SUMMARY:In the Middle East, right-wing ideas and forms of organisation have been generally overlooked in favour of other frames of interpretation. From 1979 onwards, the Middle East and, with it, Middle Eastern Studies, shifted its attention from a politics as understood through the dialectics of left/right, in favour of other frames highlighting dichotomies of moderate/radical, religious/secular, modern/traditional, and other vague categories that seemed applicable only to the Middle East. Since then the scholarship of politics and society in the region has greatly evolved in its infatuation with Manichean dichotomies, it has progressively paid heed to many new questions, including the history and present of the Left; grassroots activism; the nuances of political Islam; just to mention a few. However, the politics of the right has remained one lacuna where Middle Eastern scholarship has vacillated to affirm the links and nexus between regional local developments and global processes of resurgence in right-wing politics. The roundtable is precisely an exercise in responding to this lacuna and to open up avenues for discussion, confrontation, exchange and disagreement over the politics of the right in the contemporary Middle East.
The participants come from different disciplinary background and regional expertise. Anthropologists, political scientists, sociologists and historians as well as social theorists and media scholars will discuss the following thematic interconnections in the Arab, Iranian, Turkish and Israeli lifeworld:
1) Can we understand the politics of the post-Arab Spring era as an expression of right-wing politics?
2) How can we connect the local experience of countries such as Egypt, Israel, Turkey, Iran, Lebanon, Saudi Arabia and Syria to the global momentum of right-wing movements?
3) Is there a culture of the right?

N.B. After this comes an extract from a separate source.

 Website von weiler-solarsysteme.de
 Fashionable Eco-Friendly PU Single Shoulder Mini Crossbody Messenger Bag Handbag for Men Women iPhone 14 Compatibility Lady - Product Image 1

And if so what it is and how does it differ from other cultural formats, such as Islamist culture and Leftist culture?
4) What is the strategic and tactical use of digital media in the activation of right-wing networks, locally and transnationally?
By uncovering these and other issues, the roundtable expects to inform as much as to reflect and to formulate novel ways of configuring the Middle East’s local and global politics and society in a time when parallel trends seem to be materialising across the world, from the United States, Brazil, India, and France.